EXERCISE DATA.
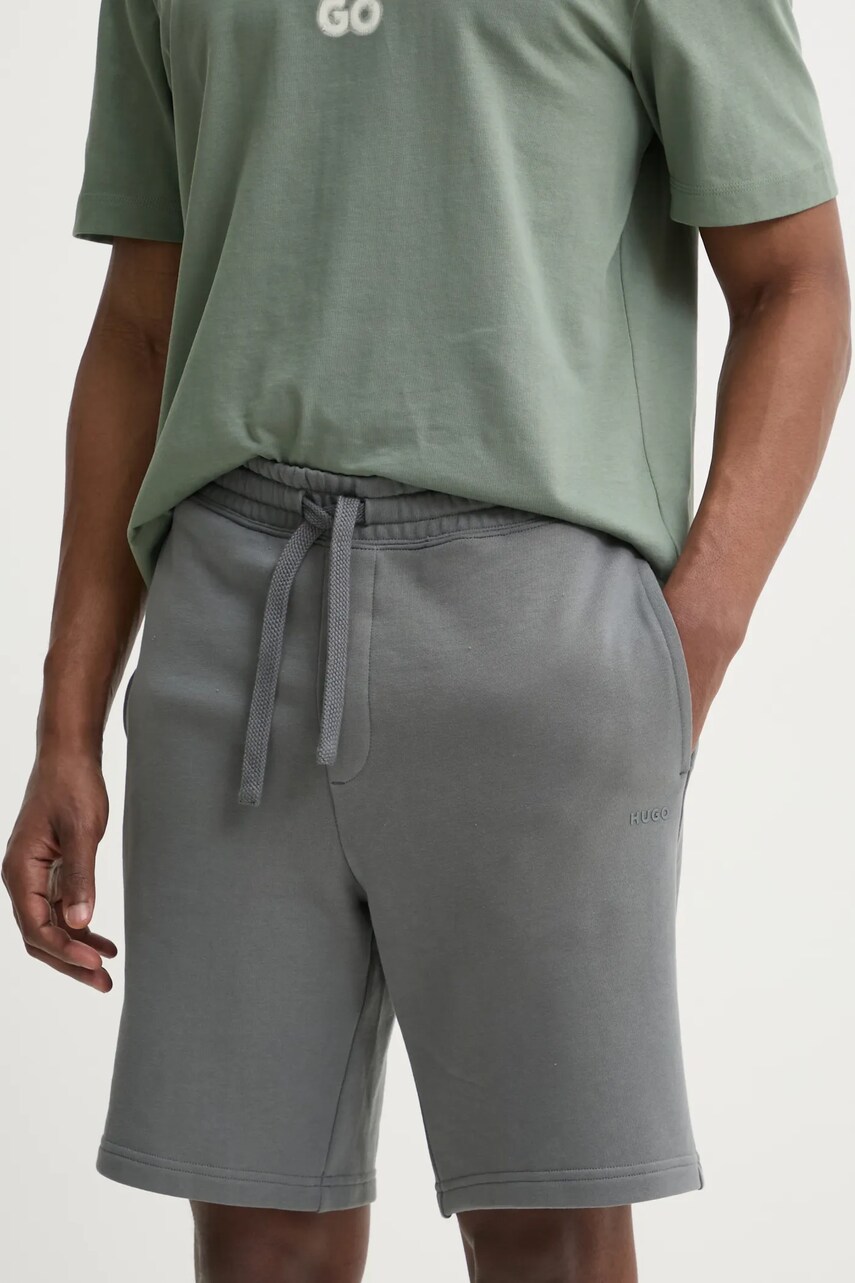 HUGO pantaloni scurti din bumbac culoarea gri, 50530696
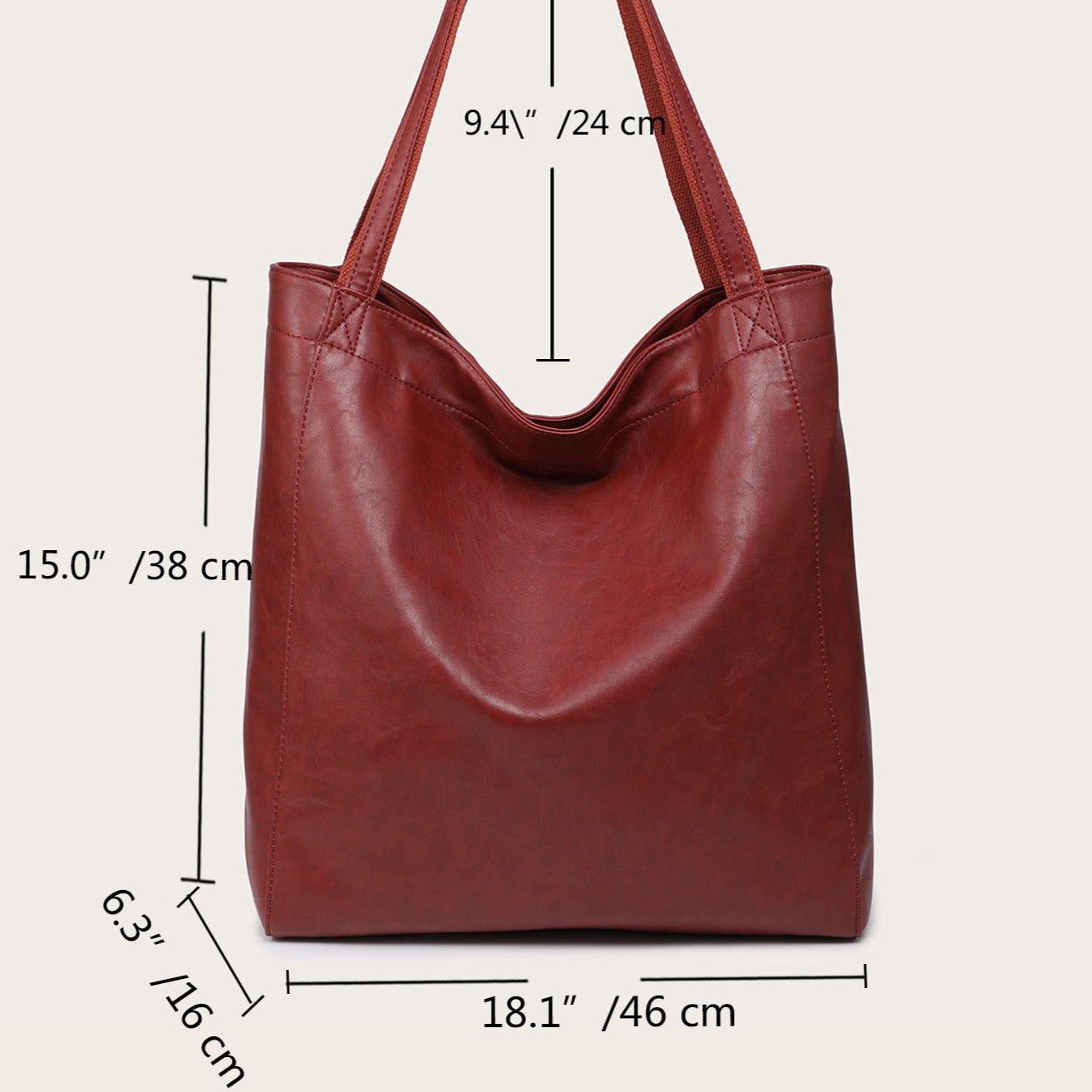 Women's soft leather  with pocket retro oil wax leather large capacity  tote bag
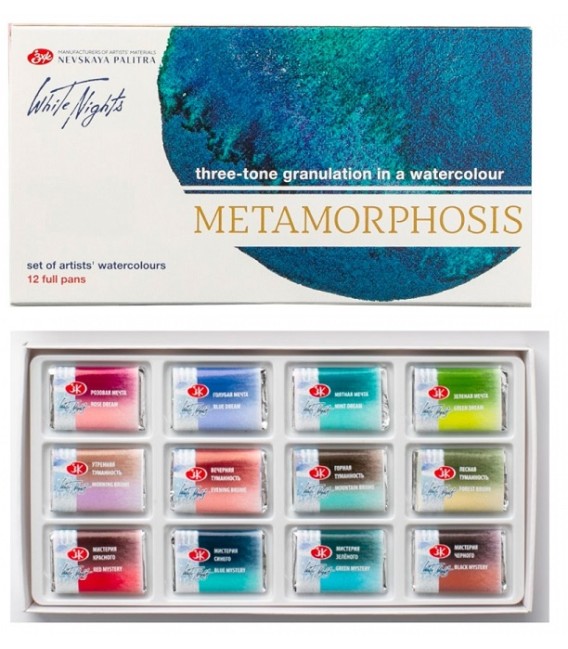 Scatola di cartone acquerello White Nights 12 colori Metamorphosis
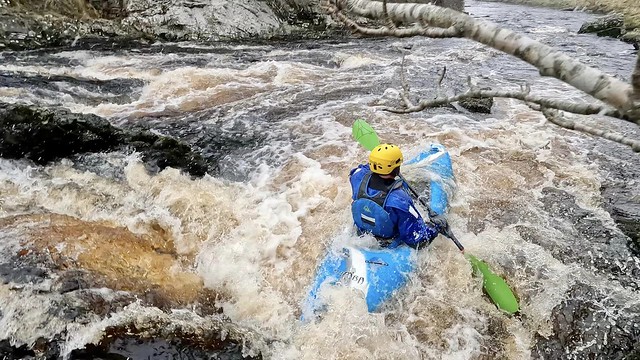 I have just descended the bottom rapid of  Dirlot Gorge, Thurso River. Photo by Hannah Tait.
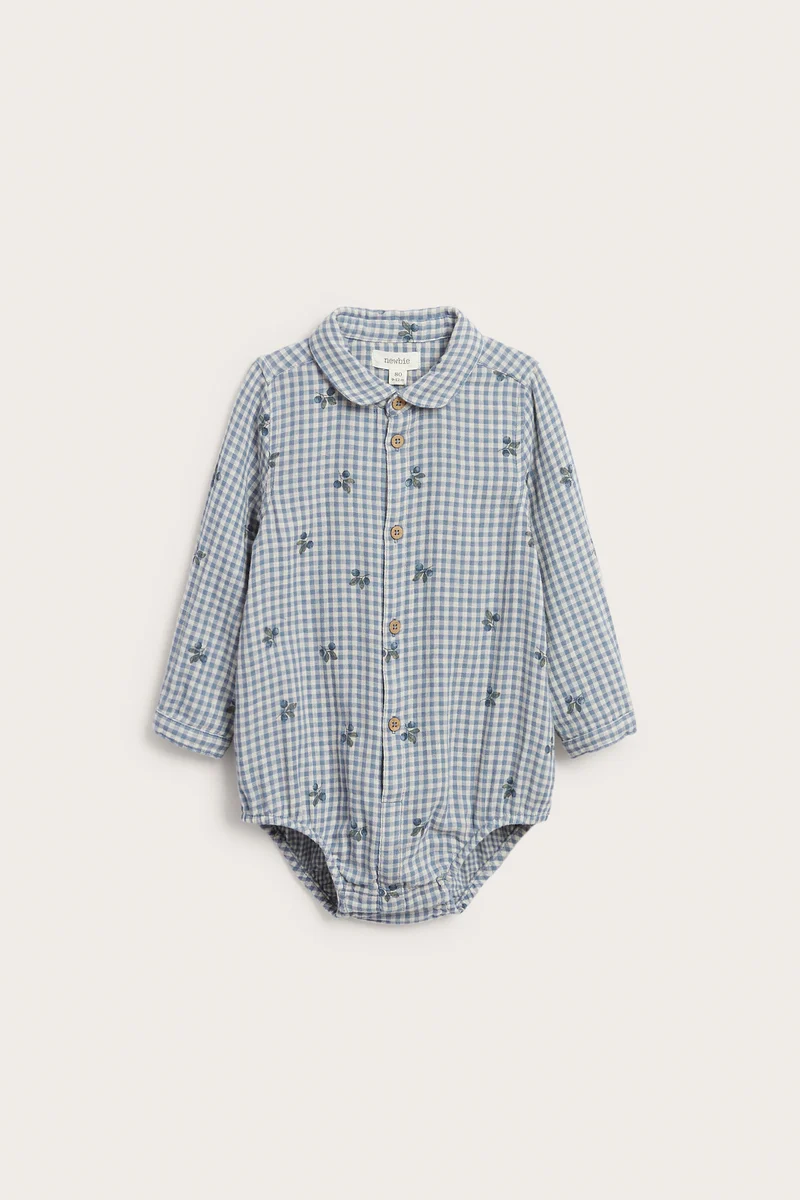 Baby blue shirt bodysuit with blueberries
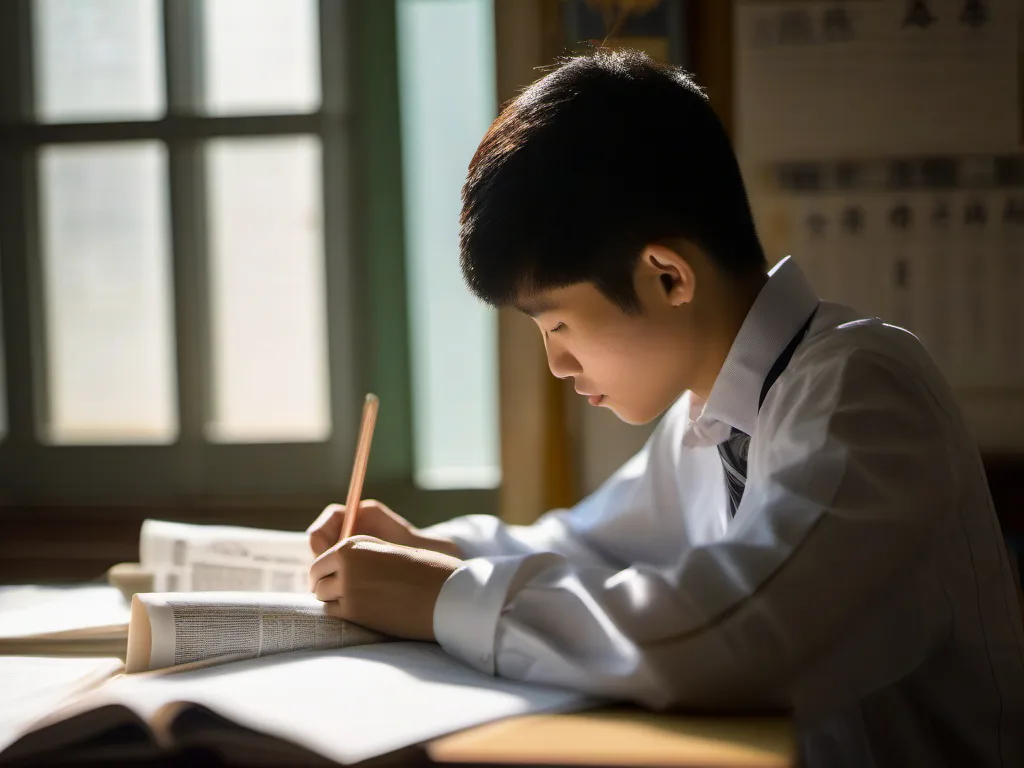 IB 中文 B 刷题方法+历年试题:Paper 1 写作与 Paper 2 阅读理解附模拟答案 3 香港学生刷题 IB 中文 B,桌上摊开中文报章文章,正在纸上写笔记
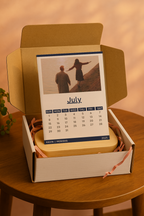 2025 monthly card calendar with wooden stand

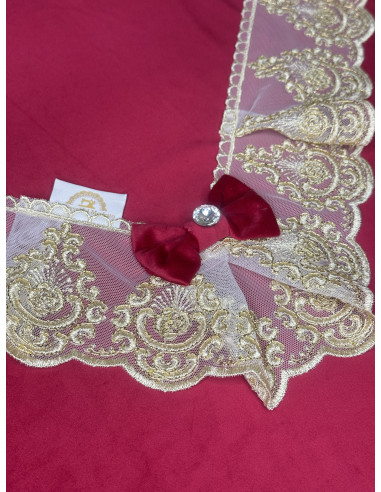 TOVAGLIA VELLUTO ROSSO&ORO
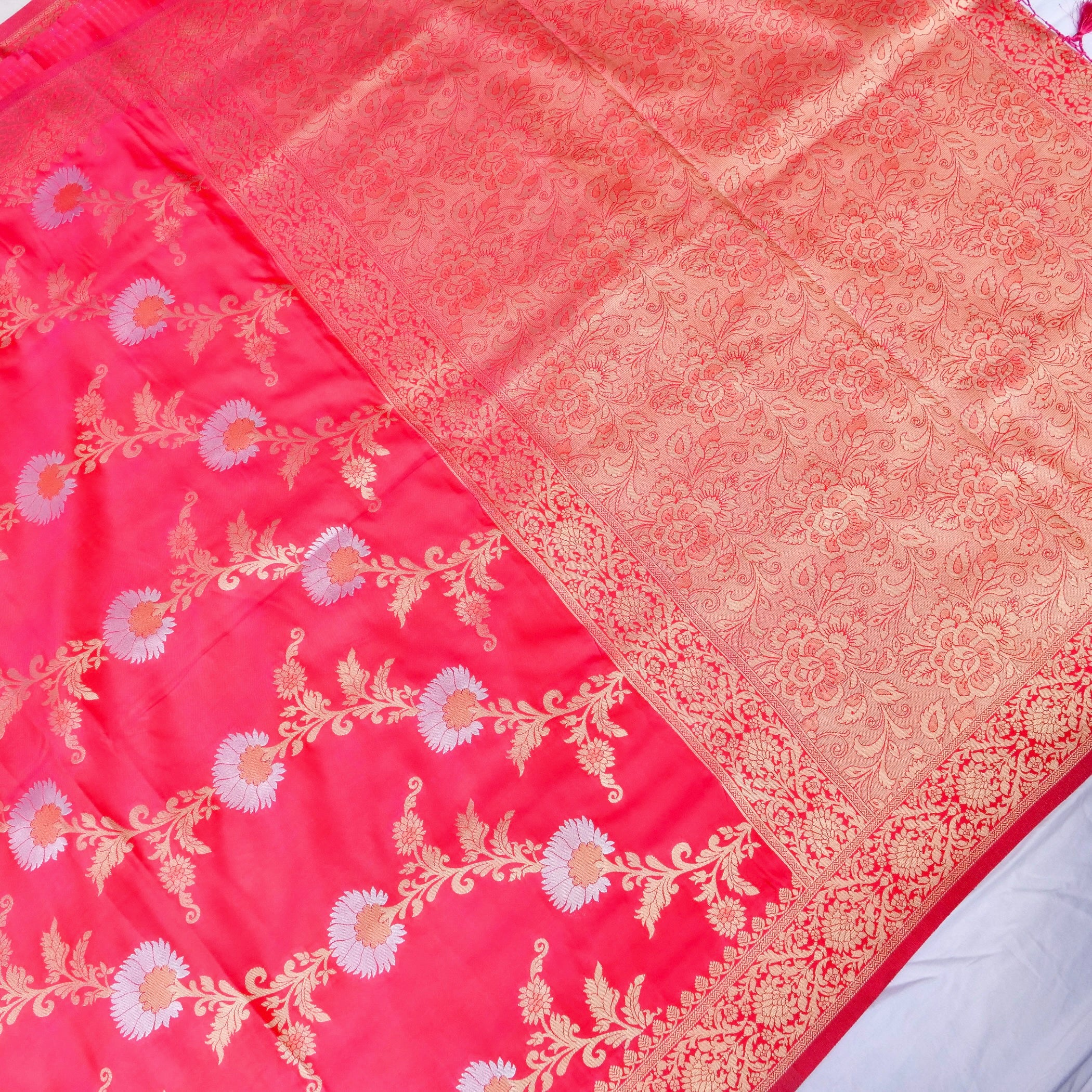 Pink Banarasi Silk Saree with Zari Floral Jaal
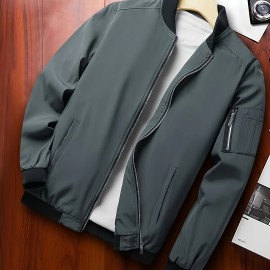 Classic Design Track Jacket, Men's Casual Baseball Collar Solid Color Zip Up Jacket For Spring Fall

PROBLEM DESCRIPTION.
Print exactly what appears from the first line of the listing above down to the line containing "Baby blue shirt bodysuit with blueberries", inclusive, and leave out all pictures.

ANSWER SPACE.
 HUGO pantaloni scurti din bumbac culoarea gri, 50530696
 Women's soft leather  with pocket retro oil wax leather large capacity  tote bag
 Scatola di cartone acquerello White Nights 12 colori Metamorphosis
 I have just descended the bottom rapid of  Dirlot Gorge, Thurso River. Photo by Hannah Tait.
 Baby blue shirt bodysuit with blueberries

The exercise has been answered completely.